Our emphasis on missile defense was not without controversy, but abrogating the ABM Treaty so that we could develop missile defenses without limitation made the road considerably easier. On June 13, 2002, despite a last-minute congressional attempt to save the agreement, the United States’ withdrawal from the ABM Treaty officially went into effect. The Russians reacted calmly, issuing a statement of mild protest.
In January Donald Rumsfeld had restructured the Pentagon bureaucracy to streamline the development and procurement process for missile defense technologies by establishing the Missile Defense Agency. By December the President announced that the United States would begin fielding initial missile defense capabilities that included ground-based and sea-based interceptors as well as detection sensors located on land and sea, in the air, and in space.

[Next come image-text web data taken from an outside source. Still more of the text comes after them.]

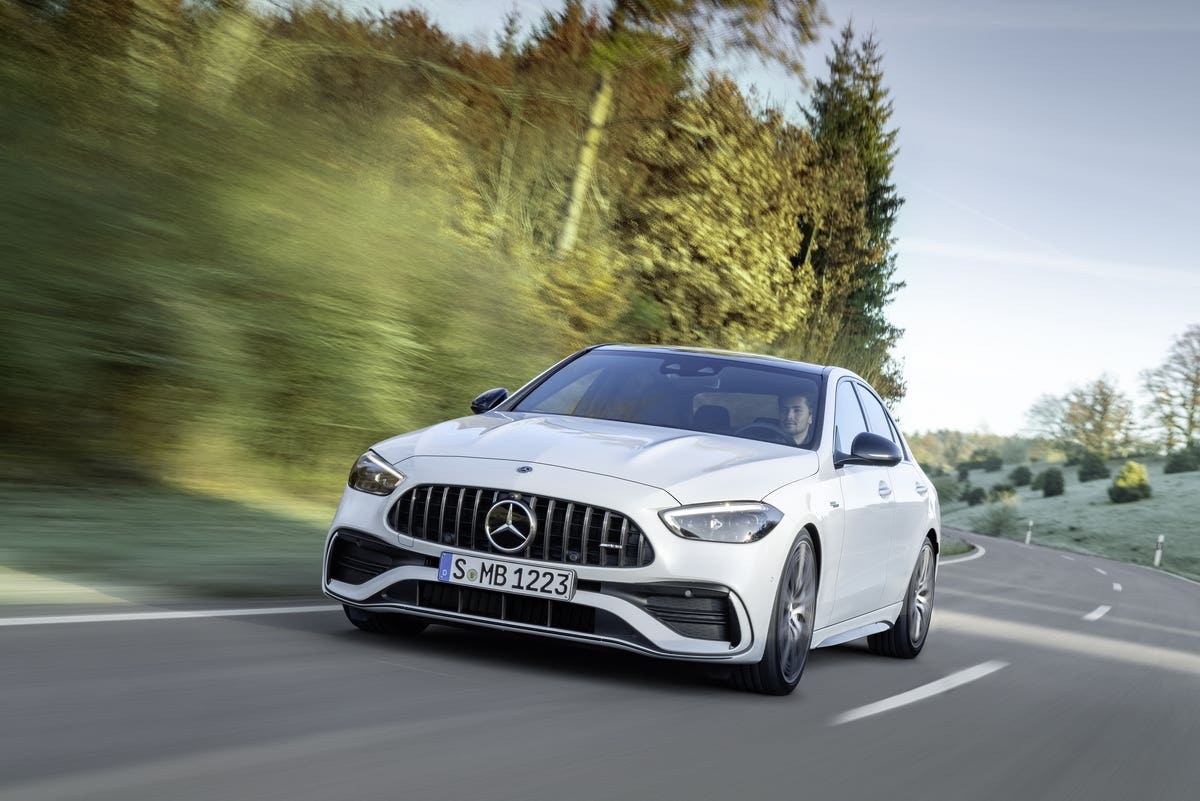 Nuova Mercedes-AMG C 43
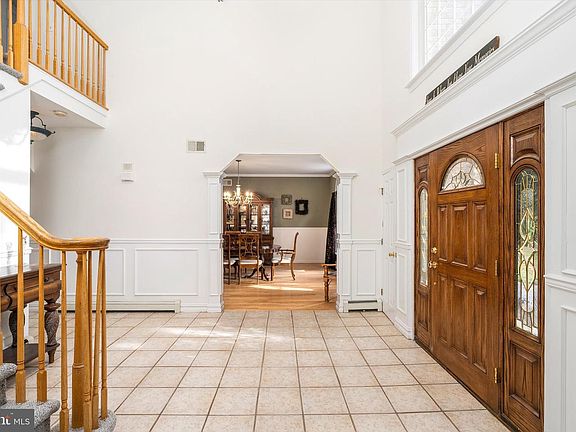 5th image of 20 Yeger Dr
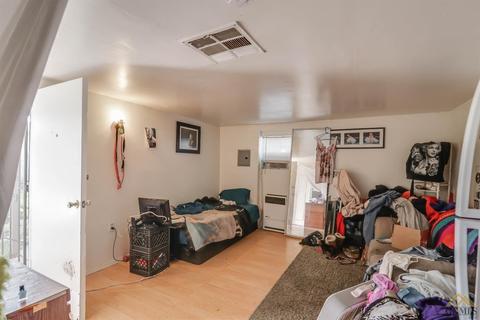 706 Monache Dr, Bakersfield, CA 93308 photo 14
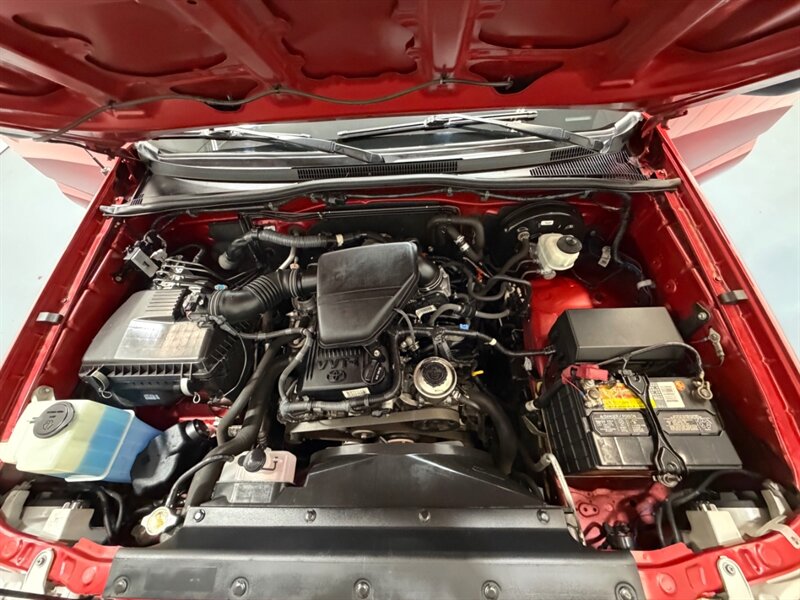 2013 Toyota Tacoma PreRunner RWD / Club Cab / 2.7L 4 Cyl / NEW TIRES / LOCAL RUST FREE - Photo 11 - Gladstone, OR 97027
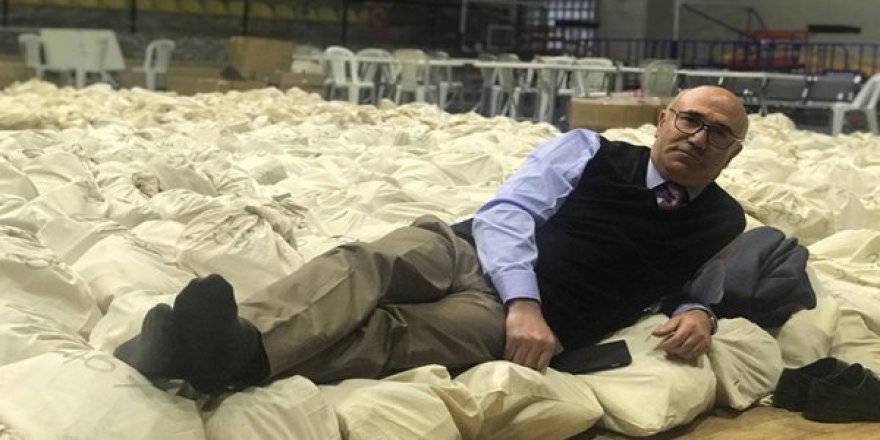 CHP'li Tanal oyların üzerine yatarak nöbet tuttu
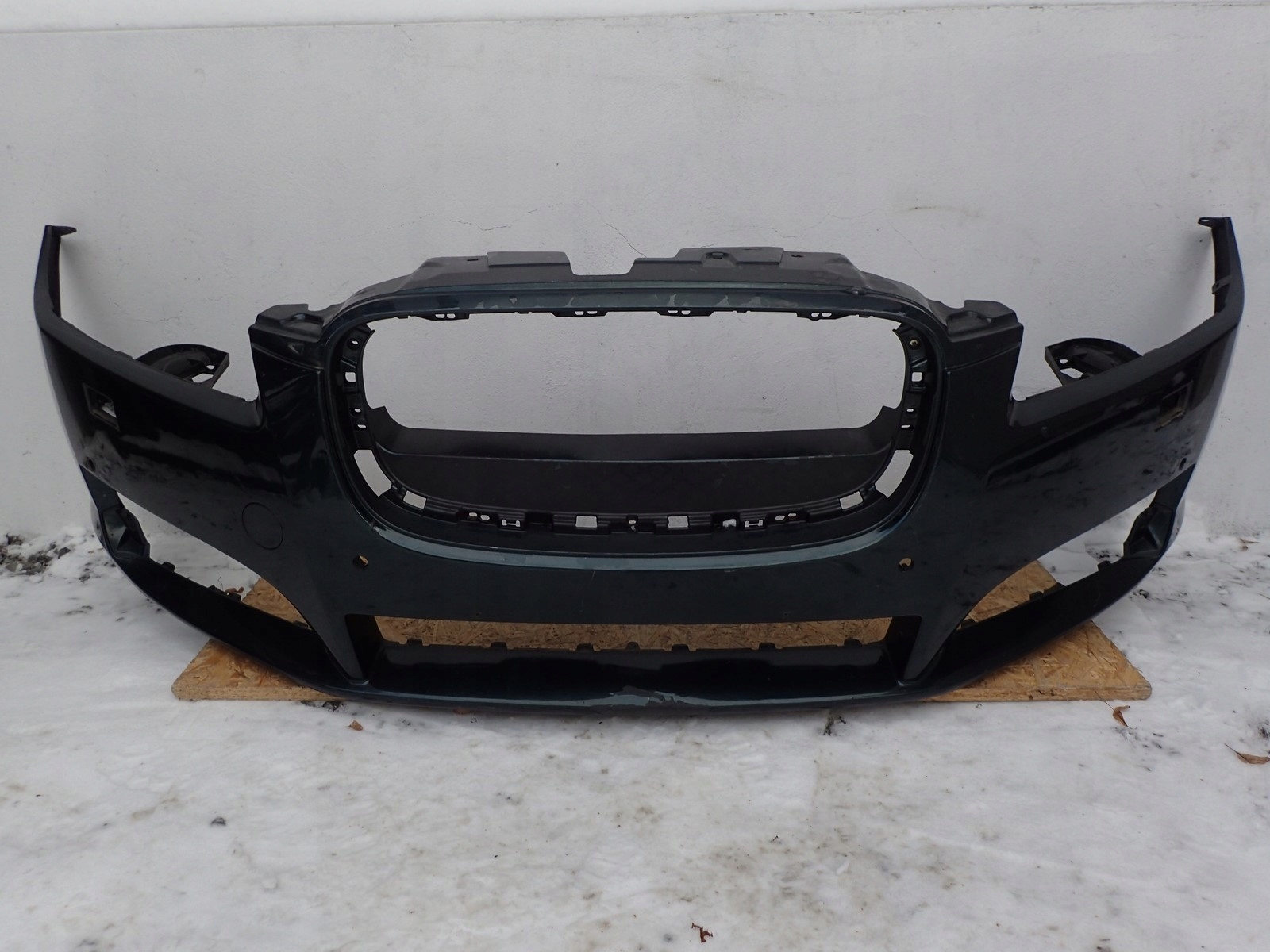 bumper front front JAGUAR XF X250 2008-2011R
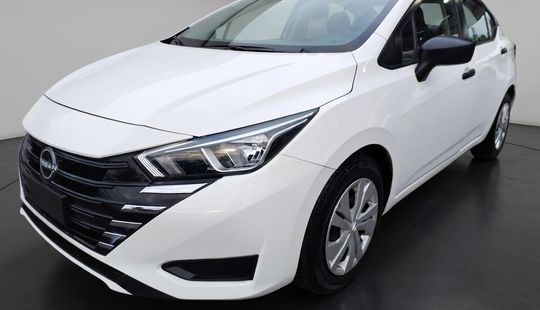 Nissan • Versa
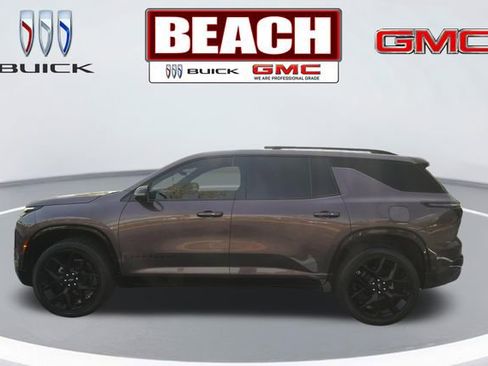 Used 2024 Chevrolet Traverse RS FWD image 6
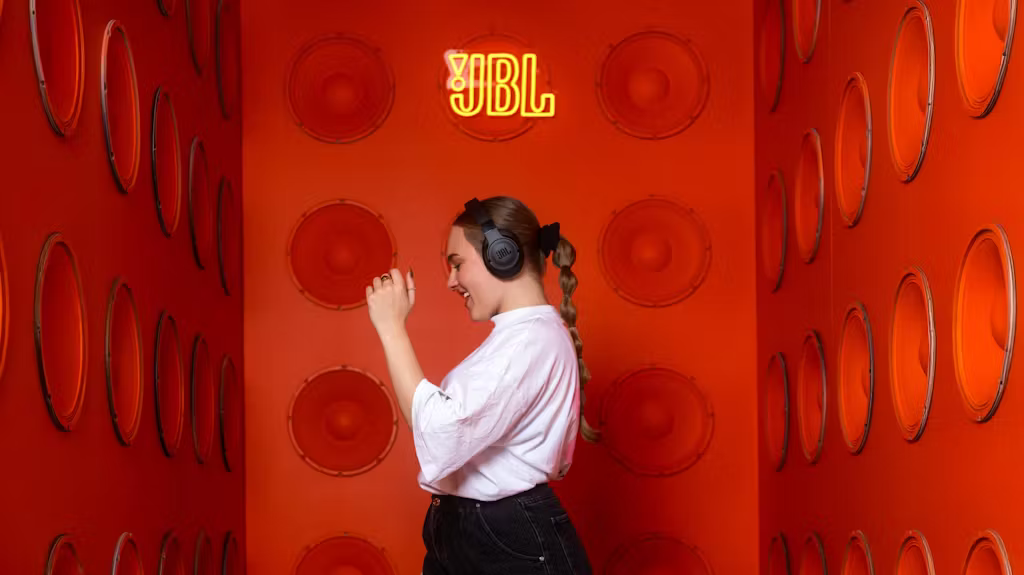 JBLs immersive Neon Sign-Erlebnisse 🎧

By far the most controversial and difficult issues concerned how to check and control the suspected ambitions of North Korea, Iran, and Iraq to pursue WMD programs. The three states were different both in their levels of development and in the regional implications of their programs.
As noted before, the President had rejected any return to the Agreed Framework with North Korea because he—and all of us—believed it to be flawed. The North Koreans had taken the benefits, including $4.5 billion to build two light-water reactors, but by late 2002 they were once again threatening to expel all nuclear inspectors and restart plutonium-reprocessing facilities at Yongbyon. That was a familiar pattern with the North Koreans. As President Bush put it, “He [Kim Jong-il] throws his food on the floor, and all the adults run to gather it up and put it back on the table. He waits a little while and throws his food on the floor again.” It was an apt description, but, given the consequences of conflict on the Korean peninsula, there didn’t seem to be many alternatives.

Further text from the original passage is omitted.